The objective of this course is to introduce the core concepts, tools, and methodologies of data science, focusing on the tools and techniques needed to analyze and interpret data effectively. Using data science tools, students will cover the entire data science process, from data acquisition, data manipulation, visualization, probability, statistics, and machine learning, with applications in business and engineering.

1. Introduction to Data Science (3 hours)

1.1 Overview of data science
1.2 Jargons of data science
1.3 Modern data ecosystem
1.4 Data science lifecycle
1.5 Trends, markets and applications of data science
1.6 Tools and technologies in data science
1.7 Data scientist and their roles

2. Mathematics for Data Science (10 hours)

2.1 Introduction to linear algebra for data science
2.2 Vectors, matrices and matrix factorization
2.3 Gradient descent for optimization
2.4 Introduction to probability and random variable
2.5 Probability distributions: Normal, Bernoulli, Binomial, Poisson
2.6 Descriptive and inferential statistics
2.7 Central limit theorem and sample distribution concepts
2.8 Normal approximation; hypothesis testing procedures: Tests about the mean of a normal population
2.9 The t-test, Z-tests for differences between two populations means, the two sample t-test, confidence interval for mean of normal population
2.10 ANOVA

3. Data Understanding and Preprocessing (10 hours)

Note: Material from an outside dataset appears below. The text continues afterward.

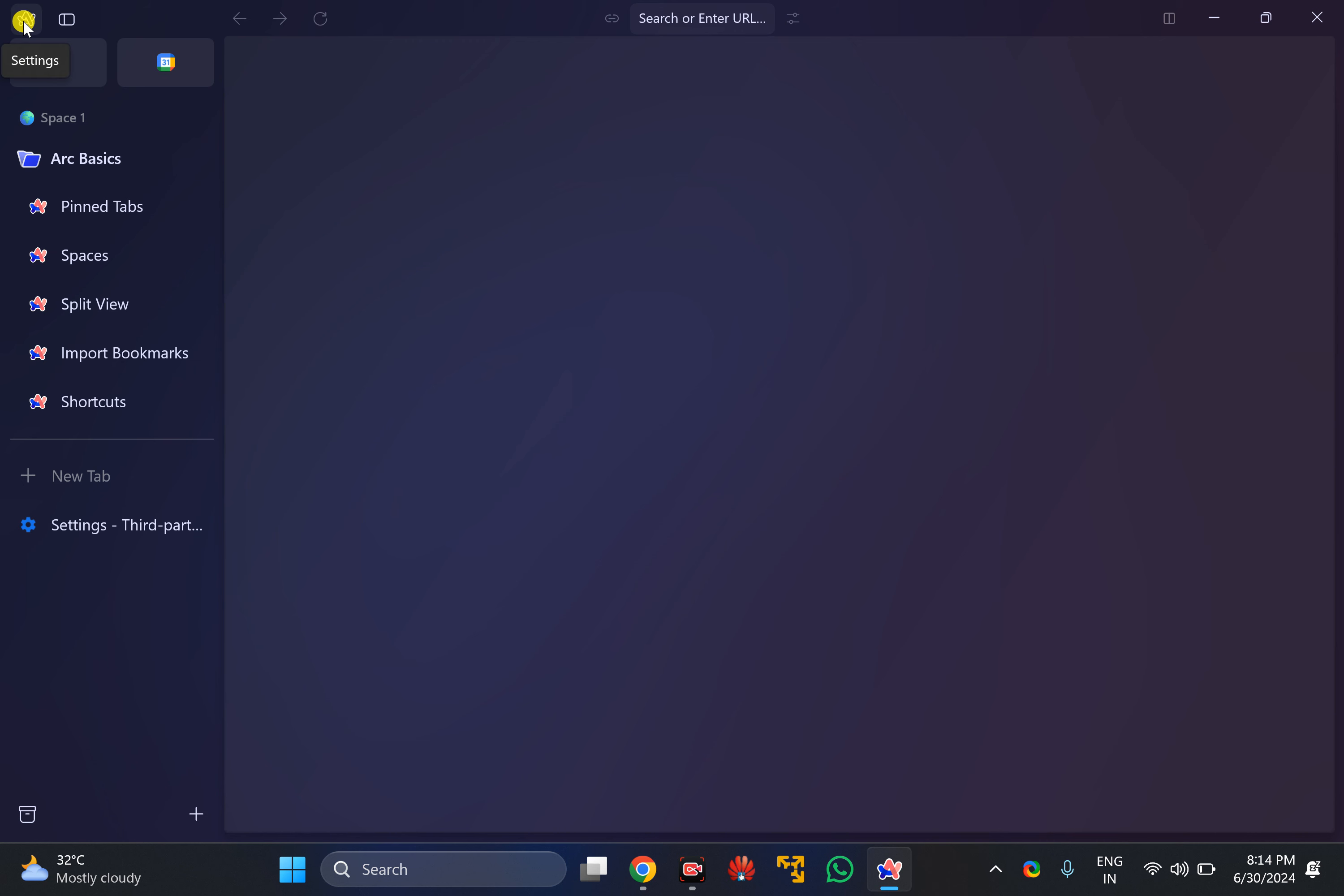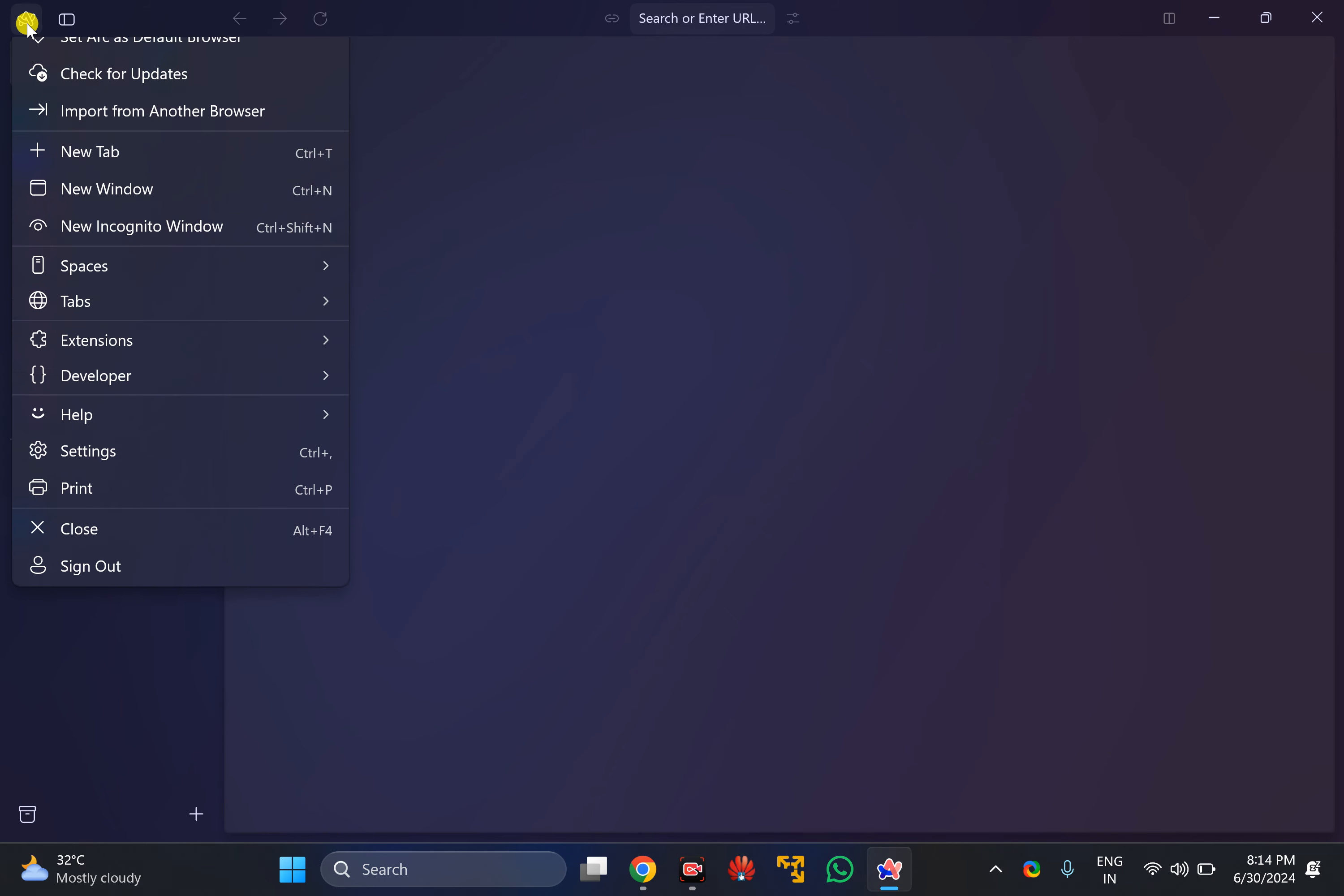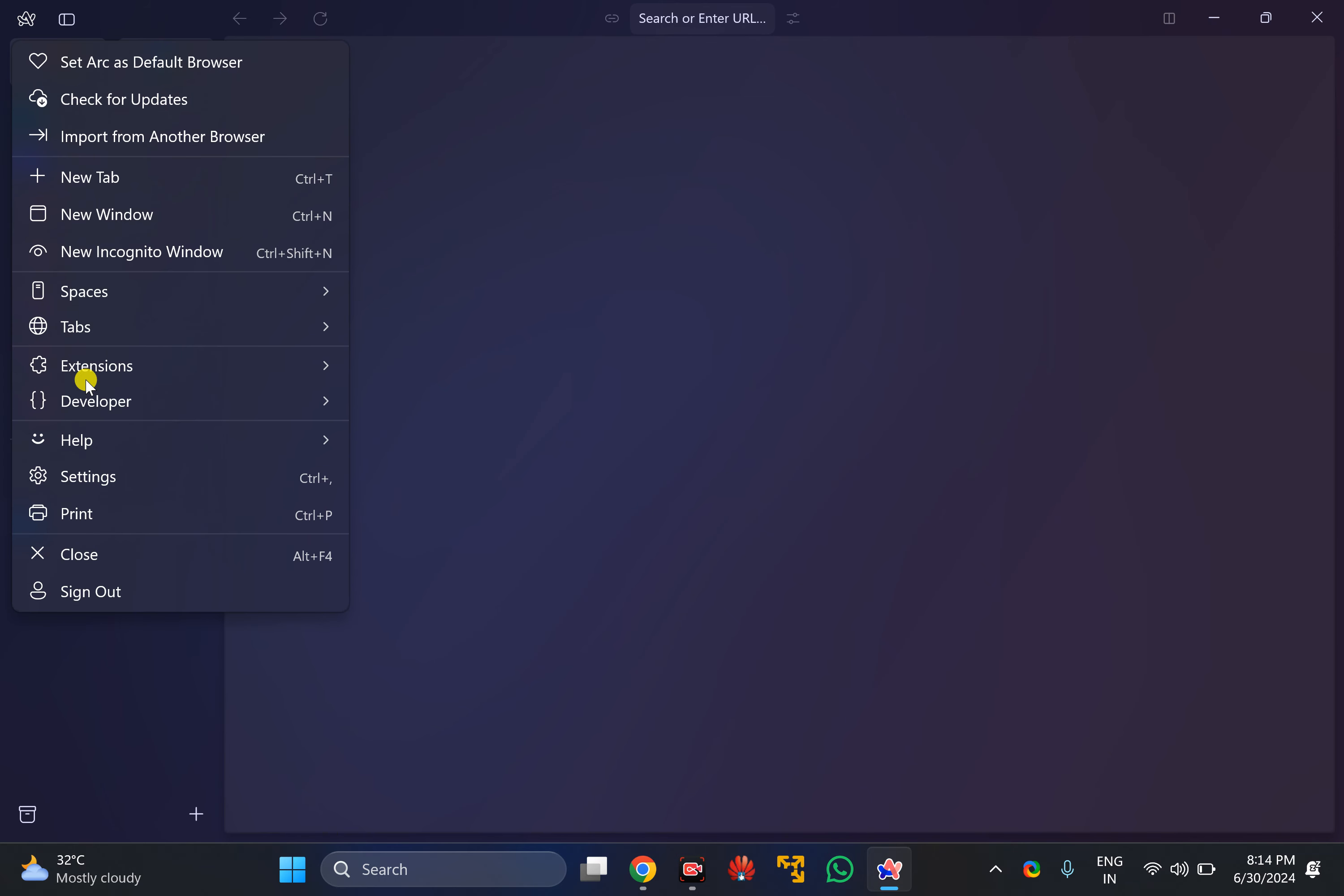represented by the Arc icon. You will find the New Incognito Window option there. Alternatively, you can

3.1 Types of data: Structured, unstructured, semi-structured
3.2 Data preprocessing requirements
3.3 Data sources and collection methods
3.4 Data cleaning and preparation
3.5 Data wrangling and associated tools
3.6 Data enrichment, validation and publishing
3.7 Data transformation and normalization
3.8 Dimensionality reduction linear factor model, principal component analysis (PCA)

4. Data Analysis (8 hours)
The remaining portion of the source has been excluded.